Kafirler; “Sen bize tek Allah’a kulluk etmemiz ve atalarımızın tapmakta olduklarını bırakmamız için mi geldin? Eğer doğrulardan isen, bizi tehdit ettiğini (azabı) bize getir” (A’raf Suresi, 70), diyerek putperestlikten vazgeçmeye niyetleri olmadığını açık bir şekilde ortaya koydular. Dolayısıyla Hud Aleyhisselam’ın yapacağı bir şey de kalmadı.

Cenabı Hakka açıkça meydan okuyan kafirler ilk önce kuraklık ve kıtlıkla cezalandırıldılar.
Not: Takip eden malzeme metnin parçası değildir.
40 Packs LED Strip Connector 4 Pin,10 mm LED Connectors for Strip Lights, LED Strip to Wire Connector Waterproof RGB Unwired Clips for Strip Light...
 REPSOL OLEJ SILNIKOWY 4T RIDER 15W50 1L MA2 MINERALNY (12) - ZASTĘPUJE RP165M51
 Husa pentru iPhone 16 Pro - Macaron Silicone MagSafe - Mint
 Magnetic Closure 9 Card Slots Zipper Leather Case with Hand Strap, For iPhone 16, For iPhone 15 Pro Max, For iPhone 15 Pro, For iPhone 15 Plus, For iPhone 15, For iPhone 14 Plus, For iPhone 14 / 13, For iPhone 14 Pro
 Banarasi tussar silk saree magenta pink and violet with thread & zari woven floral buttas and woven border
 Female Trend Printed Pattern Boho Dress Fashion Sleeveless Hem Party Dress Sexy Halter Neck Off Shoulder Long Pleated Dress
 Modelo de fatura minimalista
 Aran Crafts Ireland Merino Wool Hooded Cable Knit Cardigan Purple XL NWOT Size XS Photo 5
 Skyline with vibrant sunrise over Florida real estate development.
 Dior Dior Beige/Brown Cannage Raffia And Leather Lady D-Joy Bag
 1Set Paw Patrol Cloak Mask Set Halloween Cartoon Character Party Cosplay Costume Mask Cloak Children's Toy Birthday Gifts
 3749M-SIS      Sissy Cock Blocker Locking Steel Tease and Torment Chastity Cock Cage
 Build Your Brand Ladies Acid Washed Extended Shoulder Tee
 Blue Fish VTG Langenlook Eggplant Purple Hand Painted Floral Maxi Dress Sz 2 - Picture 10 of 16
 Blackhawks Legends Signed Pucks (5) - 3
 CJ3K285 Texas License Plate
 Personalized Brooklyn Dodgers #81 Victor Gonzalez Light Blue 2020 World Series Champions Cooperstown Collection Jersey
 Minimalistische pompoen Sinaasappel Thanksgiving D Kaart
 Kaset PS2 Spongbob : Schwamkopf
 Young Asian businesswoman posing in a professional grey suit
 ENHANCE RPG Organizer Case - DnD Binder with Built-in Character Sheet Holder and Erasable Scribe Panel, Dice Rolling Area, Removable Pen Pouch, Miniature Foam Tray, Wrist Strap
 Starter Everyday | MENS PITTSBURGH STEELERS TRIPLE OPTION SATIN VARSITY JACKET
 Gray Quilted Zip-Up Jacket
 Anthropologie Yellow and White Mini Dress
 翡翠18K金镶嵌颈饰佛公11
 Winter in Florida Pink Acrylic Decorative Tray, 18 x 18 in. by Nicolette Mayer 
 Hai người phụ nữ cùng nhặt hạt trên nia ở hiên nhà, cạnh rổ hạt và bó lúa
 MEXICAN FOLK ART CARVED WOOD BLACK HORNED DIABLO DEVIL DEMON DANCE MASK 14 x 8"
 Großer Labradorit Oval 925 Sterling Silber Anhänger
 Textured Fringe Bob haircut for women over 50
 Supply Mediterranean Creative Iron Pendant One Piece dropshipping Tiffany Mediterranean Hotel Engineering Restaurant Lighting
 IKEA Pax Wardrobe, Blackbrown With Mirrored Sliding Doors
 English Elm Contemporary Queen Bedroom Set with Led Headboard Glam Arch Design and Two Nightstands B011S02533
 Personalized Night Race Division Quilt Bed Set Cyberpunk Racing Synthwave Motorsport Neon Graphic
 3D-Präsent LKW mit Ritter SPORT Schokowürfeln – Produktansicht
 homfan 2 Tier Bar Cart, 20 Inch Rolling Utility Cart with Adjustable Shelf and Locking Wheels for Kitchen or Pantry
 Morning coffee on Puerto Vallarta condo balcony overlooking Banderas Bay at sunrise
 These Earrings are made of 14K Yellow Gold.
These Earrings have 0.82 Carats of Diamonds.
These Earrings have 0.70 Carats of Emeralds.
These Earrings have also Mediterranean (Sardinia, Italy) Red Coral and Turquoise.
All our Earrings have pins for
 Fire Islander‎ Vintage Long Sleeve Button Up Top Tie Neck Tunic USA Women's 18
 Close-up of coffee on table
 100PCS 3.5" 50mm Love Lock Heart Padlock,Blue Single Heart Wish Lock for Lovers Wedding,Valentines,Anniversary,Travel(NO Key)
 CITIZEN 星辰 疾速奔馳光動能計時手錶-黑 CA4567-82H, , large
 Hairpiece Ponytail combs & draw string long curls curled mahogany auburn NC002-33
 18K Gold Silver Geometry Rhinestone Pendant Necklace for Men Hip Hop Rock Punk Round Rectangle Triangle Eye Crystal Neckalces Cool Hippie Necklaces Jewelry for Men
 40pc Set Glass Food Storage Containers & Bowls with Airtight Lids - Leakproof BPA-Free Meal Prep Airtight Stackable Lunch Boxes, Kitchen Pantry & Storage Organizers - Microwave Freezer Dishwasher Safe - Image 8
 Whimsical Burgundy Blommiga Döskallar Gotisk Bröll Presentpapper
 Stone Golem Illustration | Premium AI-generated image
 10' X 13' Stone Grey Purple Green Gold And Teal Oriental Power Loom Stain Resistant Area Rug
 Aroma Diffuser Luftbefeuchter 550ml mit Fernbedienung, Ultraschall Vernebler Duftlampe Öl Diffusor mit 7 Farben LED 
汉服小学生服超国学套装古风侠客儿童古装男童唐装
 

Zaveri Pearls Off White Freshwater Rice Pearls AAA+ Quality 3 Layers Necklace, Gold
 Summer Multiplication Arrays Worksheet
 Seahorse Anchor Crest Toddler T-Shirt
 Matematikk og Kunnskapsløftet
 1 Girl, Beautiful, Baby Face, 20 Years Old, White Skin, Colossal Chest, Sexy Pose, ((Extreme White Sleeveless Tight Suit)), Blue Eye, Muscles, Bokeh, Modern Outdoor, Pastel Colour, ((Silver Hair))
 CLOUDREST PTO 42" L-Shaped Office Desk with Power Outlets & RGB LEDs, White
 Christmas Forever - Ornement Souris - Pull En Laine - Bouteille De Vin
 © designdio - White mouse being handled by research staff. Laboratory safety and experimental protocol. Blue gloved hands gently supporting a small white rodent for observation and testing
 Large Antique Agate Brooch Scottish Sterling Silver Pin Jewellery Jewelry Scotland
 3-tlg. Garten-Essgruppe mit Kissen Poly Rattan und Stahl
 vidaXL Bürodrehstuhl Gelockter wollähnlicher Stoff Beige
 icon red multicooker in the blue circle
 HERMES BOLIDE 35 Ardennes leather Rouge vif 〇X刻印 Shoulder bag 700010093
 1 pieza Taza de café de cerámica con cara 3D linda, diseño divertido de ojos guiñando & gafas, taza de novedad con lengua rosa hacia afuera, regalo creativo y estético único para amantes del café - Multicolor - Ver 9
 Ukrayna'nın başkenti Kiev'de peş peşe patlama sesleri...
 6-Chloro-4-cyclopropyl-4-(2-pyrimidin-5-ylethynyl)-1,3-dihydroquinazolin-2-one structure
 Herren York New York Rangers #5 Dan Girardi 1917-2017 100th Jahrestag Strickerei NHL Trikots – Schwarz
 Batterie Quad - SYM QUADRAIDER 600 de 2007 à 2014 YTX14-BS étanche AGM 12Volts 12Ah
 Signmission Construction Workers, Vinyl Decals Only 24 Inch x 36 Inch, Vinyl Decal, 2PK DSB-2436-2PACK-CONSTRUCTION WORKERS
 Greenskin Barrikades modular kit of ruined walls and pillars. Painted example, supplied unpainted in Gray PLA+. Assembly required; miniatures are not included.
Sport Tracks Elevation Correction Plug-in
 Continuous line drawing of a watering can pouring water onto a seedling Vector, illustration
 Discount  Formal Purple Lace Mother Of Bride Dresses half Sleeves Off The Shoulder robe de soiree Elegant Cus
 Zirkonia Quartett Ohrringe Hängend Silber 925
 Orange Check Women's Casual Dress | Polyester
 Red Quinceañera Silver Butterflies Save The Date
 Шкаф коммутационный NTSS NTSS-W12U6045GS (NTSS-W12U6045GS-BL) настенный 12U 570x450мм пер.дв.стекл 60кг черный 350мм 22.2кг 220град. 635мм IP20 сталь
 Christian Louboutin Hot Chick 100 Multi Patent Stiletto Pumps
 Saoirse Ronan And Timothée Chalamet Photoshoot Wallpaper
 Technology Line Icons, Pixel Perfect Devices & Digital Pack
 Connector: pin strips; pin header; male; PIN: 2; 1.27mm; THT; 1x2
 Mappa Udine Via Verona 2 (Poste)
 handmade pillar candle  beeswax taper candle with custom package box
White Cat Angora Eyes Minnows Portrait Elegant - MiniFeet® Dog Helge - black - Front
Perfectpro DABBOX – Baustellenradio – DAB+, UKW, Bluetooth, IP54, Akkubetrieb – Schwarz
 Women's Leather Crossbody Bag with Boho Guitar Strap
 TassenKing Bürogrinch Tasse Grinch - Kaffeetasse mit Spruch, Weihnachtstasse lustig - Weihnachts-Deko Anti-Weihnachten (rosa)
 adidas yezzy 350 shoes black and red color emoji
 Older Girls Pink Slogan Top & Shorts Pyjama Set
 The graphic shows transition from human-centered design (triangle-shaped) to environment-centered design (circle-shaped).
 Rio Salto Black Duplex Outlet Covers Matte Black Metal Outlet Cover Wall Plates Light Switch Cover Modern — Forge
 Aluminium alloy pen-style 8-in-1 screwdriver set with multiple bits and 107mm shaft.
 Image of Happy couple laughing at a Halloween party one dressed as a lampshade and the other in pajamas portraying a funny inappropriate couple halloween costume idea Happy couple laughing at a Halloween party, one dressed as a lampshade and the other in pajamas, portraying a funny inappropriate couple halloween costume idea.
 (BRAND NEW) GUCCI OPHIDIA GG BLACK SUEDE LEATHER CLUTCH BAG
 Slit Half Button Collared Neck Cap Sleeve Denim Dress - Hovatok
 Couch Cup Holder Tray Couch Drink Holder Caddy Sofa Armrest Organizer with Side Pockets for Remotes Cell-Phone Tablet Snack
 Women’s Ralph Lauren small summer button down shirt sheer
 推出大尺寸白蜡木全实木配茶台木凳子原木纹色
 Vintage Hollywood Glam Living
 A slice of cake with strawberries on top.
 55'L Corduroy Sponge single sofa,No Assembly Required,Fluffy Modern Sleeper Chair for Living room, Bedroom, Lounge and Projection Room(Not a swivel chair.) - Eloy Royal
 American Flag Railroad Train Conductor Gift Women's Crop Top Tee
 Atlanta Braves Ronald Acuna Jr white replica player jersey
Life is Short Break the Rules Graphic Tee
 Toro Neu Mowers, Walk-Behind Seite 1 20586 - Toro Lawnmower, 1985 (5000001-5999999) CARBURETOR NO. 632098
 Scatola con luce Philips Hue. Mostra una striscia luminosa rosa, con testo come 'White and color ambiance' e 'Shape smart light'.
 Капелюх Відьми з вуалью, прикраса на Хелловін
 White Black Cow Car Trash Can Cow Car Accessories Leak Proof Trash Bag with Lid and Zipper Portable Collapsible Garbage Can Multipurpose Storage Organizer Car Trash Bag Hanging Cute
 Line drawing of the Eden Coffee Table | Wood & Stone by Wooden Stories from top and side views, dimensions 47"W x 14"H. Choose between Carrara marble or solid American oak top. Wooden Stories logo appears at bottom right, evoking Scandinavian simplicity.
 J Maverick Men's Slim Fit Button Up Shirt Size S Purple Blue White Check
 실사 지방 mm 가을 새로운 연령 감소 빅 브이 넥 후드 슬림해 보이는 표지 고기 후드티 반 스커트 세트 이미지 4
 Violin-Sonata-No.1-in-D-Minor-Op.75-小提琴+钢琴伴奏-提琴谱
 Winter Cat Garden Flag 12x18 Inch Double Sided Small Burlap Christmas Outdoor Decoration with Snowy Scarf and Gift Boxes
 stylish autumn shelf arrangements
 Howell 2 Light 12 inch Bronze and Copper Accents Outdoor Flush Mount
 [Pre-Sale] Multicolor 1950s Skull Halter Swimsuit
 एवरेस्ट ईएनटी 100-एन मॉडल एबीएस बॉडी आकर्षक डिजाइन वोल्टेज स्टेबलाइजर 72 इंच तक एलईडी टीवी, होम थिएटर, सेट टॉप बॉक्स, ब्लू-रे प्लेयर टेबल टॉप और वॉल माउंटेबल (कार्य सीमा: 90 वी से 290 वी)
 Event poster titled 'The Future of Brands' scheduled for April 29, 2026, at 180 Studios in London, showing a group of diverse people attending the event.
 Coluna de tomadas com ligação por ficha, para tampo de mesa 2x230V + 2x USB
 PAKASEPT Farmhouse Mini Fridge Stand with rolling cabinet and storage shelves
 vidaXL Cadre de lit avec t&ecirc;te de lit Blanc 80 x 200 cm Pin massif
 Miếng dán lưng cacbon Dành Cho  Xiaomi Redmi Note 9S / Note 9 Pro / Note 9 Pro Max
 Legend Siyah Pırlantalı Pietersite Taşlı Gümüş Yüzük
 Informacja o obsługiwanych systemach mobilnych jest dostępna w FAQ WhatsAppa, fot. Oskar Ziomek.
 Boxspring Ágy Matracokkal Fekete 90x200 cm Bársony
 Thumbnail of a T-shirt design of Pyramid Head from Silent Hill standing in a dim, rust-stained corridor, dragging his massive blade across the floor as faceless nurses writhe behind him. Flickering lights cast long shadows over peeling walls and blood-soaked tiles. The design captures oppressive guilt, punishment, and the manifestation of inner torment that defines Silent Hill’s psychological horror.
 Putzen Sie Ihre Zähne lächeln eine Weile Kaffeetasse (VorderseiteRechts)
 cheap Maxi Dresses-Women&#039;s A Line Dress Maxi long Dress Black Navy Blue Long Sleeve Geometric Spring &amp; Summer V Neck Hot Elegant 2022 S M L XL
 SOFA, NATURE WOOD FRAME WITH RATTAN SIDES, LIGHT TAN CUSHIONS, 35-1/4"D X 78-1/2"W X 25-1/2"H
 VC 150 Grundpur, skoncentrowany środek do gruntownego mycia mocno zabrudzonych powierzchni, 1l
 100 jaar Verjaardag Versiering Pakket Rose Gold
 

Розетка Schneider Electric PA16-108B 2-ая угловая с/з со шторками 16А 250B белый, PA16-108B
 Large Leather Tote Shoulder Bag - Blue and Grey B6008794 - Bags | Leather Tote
Bağlar ve bahçeler kurumaya, hayvanlar telef olmaya başladı. Diğer taraftan kuru ve bunaltıcı rüzgar insanları perişan ediyordu. Bu durum sürerken her fırsatta insanları tövbe ve istiğfara çağıran Hud Aleyhisselam, ” … Rabbinizden bağış dileyin; sonra da O’na tövbe edin ki, üzerinize göğü (yağmuru) bol bol göndersin ve kuvvetinize kuvvet katsın. Günah işleyerek (Allah’tan ) yüz çevirmeyin” (Hud Suresi, 52) dedi.

Peygambere (as); “… Sen bize açık bir mucize getirmedin, biz de senin sözünle tanrılarımızı bırakacak değiliz ve biz sana iman edecek de değiliz ” (Hud Suresi, 53) diye karşılık verdiler. Hatalarını anlayıp tövbe edeceklerine Allah’ın elçisini suçlamaya ve onun yüzünden bunların başlarına geldiğini söylemeye başladılar. Tanrılarından birisinin kendisini çarptığını söylediler (Hud Suresi, 54).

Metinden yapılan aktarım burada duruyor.